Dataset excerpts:
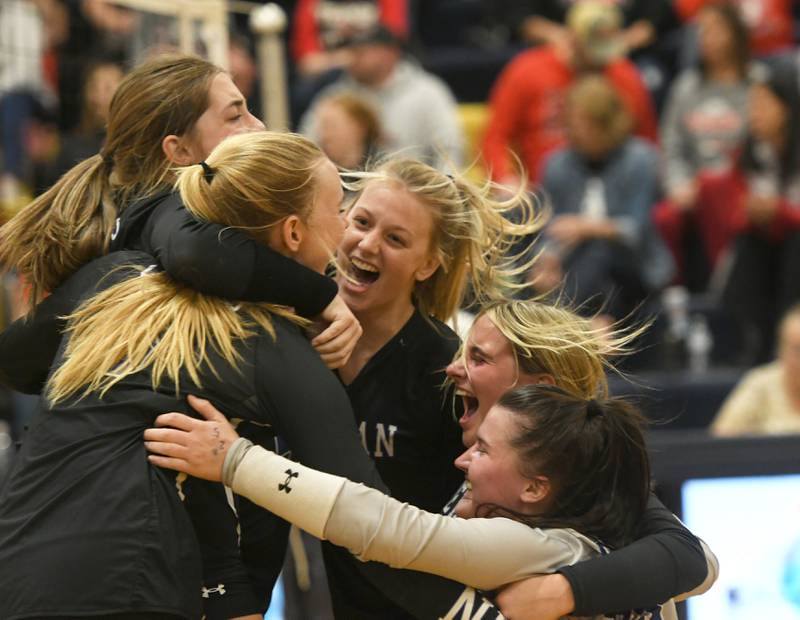 Newman players celebrate after the final point tor win the 1A Polo Regional by downing Fulton in three sets on Thursday, Oct. 27, 2022.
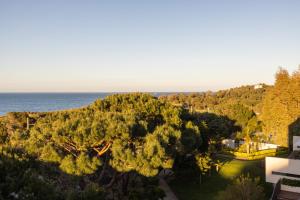an aerial view of a garden with the ocean in the background at Grand Hotel Du Golfe - Spa & Restaurant in Collioure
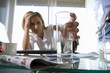 Photo: Young businesswoman at desk holding glass with soluble tablet, head in hand, focus on glass (differential focus) Young businesswoman at desk holding glass with soluble tablet, head in hand, focus on glass (differential focus)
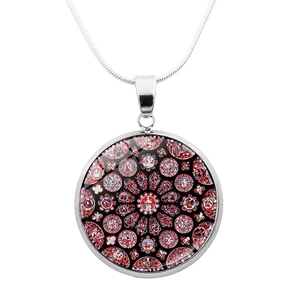 Detail of silver round pendant necklace featuring a red and black cathedral window glass art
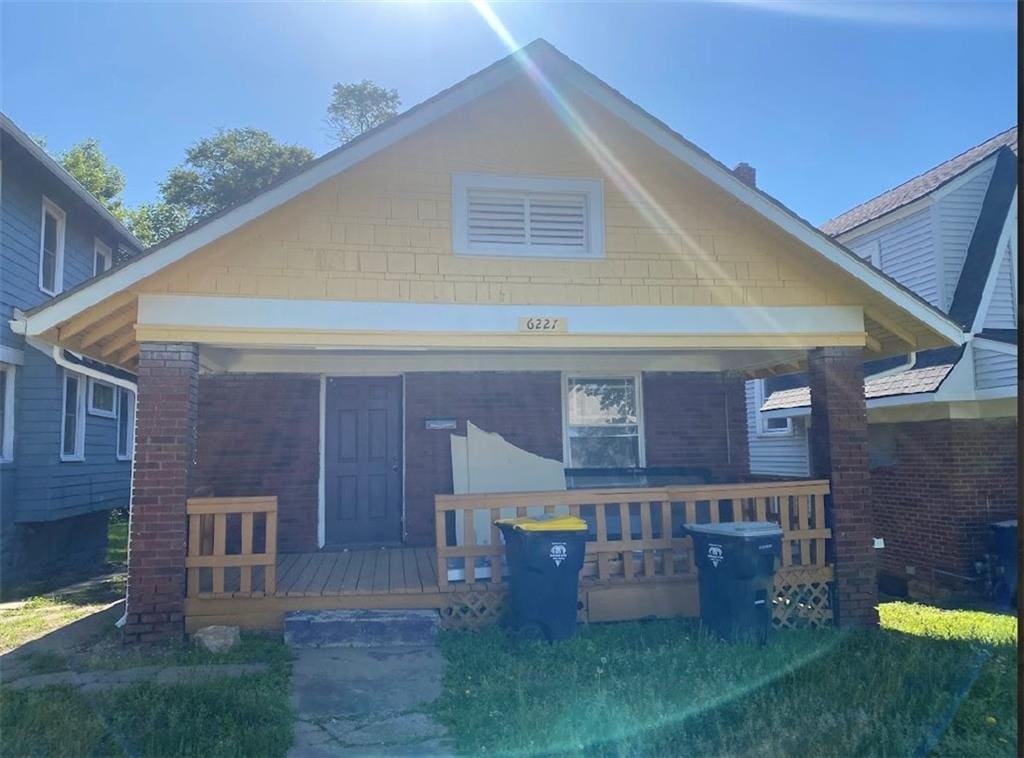 6227 Forest Ave, Kansas City, MO 64110 - view of front of house featuring covered porch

(TRY IT):
From the line with "an aerial view" up to and including the line with "Photo: Young businesswoman" above, retype every line exactly and nothing more; leave out the pictures.

(OUTPUT OF THE TASK):
an aerial view of a garden with the ocean in the background at Grand Hotel Du Golfe - Spa & Restaurant in Collioure
 Photo: Young businesswoman at desk holding glass with soluble tablet, head in hand, focus on glass (differential focus) Young businesswoman at desk holding glass with soluble tablet, head in hand, focus on glass (differential focus)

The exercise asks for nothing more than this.